Черный всадник выскочил на мост. Грохот подков по камню. Жеребец хрипел и ронял клочья пены. Ноздри его раздувались.
Всадник был страшен. Закрытый шлем с узкой щелью для глаз. В форме кабаньей головы с клыками. Словно железный кабан на железной лошади. Черный, как ночь.
Всадник мгновенно стоптал Ольбриха, развернулся, рубанул…
Н-на.
Половина Принца рухнула на настил. Вторая – медленно повалилась в другую сторону.
Черный всадник развернул коня, тяжело, медленно, как груженая барка в русле реки, – мост был слишком тесен ему, слишком узок и завален трупами. Конь наступал на еще теплые тела, нервничал.
Потом снова начал набирать разгон.
* * *
Долговязый нескладный парень заступил всаднику путь.
– Норт! – заорал Венемир. – Уходи, парень! Уходи!
Стрела ударила рядом. Тунк! Тунк – следующая.
Венемир пригнулся, голова кружилась.
– Уходи с моста, Норт!
Норт поднял голову, оглянулся… и вдруг улыбнулся. Как мальчишка.
– Нет.
Черный всадник навис над ним. Взмах клинка.

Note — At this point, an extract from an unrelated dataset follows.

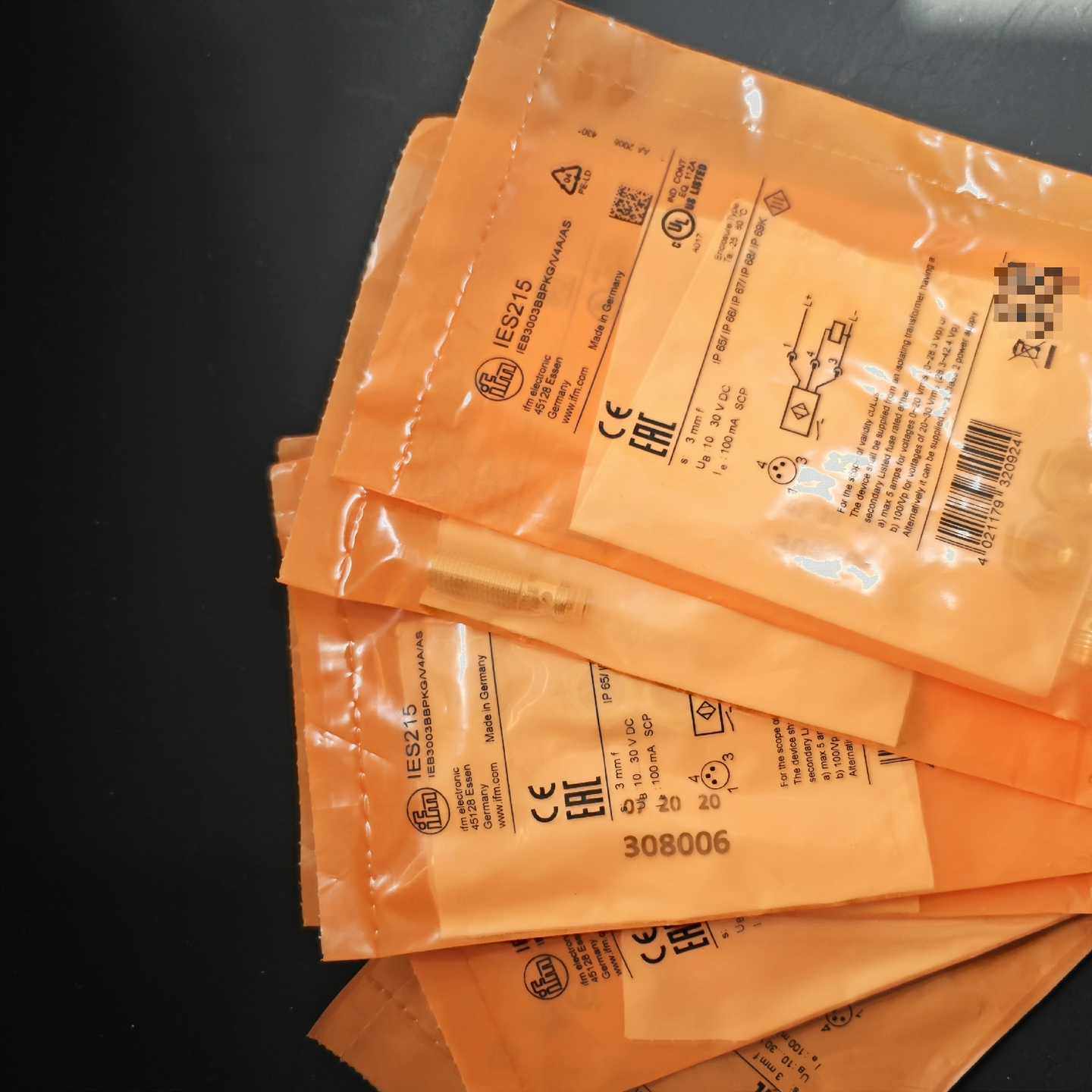 德国IFM易福门IES215电感式接近开关传感器IE~询价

Меч медленно, неумолимо начал опускаться…
В последнюю секунду парень вскинул руку. Без оружия.
– Ох!
* * *
Уго ад Феаллах впервые в жизни почувствовал, как страх ледяной струйкой стекает вниз по затылку. И ползет все ниже и ниже, до самой пятой точки, каковой имперский рыцарь обязан крепко сидеть в седле…
А там все сжалось.
И усидеть на коне вдруг оказалось непросто. Уго крепче стиснул бока жеребца бронированными коленями…
Уго ударил.
* * *
Венемир закрыл глаза. Открыл.
Долговязый парень продолжал стоять. Затем медленно выпрямился – Венемиру казалось, что тот вырастает на глазах. Норт Келлиге стал вдруг вровень с всадником – белобрысая голова напротив черного кабаньего шлема. Наваждение, не иначе.
– К-как это, Вена? – От волнения Веселка заикалась. – Он всегда был таким высоким?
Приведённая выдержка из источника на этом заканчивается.